Problem description.
In the records below, find the line containing "Platinum Graphite 2019". Restate it and all the lines after it exactly, and omit the rest.

* * * * * * * * *

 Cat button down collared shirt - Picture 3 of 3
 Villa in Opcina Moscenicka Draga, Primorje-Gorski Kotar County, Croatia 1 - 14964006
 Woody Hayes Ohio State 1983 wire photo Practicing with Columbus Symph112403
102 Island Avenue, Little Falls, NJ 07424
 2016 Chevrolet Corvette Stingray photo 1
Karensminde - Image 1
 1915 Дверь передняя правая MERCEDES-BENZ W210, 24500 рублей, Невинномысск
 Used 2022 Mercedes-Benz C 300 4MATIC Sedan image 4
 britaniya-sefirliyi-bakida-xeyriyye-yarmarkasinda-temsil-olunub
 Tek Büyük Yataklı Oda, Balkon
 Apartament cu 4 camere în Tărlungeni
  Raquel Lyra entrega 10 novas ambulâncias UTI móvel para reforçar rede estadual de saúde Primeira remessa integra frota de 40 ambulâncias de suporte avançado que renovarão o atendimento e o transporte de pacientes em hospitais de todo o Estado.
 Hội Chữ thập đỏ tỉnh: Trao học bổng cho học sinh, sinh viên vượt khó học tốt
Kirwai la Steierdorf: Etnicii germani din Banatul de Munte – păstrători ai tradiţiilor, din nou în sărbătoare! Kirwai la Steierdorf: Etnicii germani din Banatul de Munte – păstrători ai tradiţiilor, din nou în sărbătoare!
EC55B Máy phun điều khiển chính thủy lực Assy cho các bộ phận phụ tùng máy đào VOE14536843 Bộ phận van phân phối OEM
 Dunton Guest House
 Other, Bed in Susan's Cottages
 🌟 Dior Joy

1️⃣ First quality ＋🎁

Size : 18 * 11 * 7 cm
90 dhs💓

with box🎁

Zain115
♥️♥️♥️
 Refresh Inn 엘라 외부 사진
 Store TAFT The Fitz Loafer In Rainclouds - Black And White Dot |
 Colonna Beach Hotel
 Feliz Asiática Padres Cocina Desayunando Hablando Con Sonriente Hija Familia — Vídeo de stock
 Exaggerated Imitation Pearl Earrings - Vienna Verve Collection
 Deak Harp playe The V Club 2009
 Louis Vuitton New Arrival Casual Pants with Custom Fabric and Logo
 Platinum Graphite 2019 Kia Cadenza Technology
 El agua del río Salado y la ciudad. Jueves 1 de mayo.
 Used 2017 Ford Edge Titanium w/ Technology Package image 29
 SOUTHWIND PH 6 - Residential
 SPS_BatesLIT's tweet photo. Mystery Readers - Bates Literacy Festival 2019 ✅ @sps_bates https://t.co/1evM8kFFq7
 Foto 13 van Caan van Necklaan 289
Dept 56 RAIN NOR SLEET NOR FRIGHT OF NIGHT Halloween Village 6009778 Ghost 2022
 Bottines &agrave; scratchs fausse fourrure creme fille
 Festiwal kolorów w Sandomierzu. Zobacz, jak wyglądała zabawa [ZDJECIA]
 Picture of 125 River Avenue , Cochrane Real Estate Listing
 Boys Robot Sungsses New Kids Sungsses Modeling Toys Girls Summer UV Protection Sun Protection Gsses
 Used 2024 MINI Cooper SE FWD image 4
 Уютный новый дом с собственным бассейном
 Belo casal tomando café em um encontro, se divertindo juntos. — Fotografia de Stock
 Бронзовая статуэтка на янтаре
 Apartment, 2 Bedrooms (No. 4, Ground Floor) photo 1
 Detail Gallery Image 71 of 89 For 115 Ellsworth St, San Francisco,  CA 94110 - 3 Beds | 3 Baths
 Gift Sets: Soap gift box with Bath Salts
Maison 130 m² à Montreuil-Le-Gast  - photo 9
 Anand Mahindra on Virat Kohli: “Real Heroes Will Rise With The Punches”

* * * * * * * * *

Answer box.
 Platinum Graphite 2019 Kia Cadenza Technology
 El agua del río Salado y la ciudad. Jueves 1 de mayo.
 Used 2017 Ford Edge Titanium w/ Technology Package image 29
 SOUTHWIND PH 6 - Residential
 SPS_BatesLIT's tweet photo. Mystery Readers - Bates Literacy Festival 2019 ✅ @sps_bates https://t.co/1evM8kFFq7
 Foto 13 van Caan van Necklaan 289
Dept 56 RAIN NOR SLEET NOR FRIGHT OF NIGHT Halloween Village 6009778 Ghost 2022
 Bottines &agrave; scratchs fausse fourrure creme fille
 Festiwal kolorów w Sandomierzu. Zobacz, jak wyglądała zabawa [ZDJECIA]
 Picture of 125 River Avenue , Cochrane Real Estate Listing
 Boys Robot Sungsses New Kids Sungsses Modeling Toys Girls Summer UV Protection Sun Protection Gsses
 Used 2024 MINI Cooper SE FWD image 4
 Уютный новый дом с собственным бассейном
 Belo casal tomando café em um encontro, se divertindo juntos. — Fotografia de Stock
 Бронзовая статуэтка на янтаре
 Apartment, 2 Bedrooms (No. 4, Ground Floor) photo 1
 Detail Gallery Image 71 of 89 For 115 Ellsworth St, San Francisco,  CA 94110 - 3 Beds | 3 Baths
 Gift Sets: Soap gift box with Bath Salts
Maison 130 m² à Montreuil-Le-Gast  - photo 9
 Anand Mahindra on Virat Kohli: “Real Heroes Will Rise With The Punches”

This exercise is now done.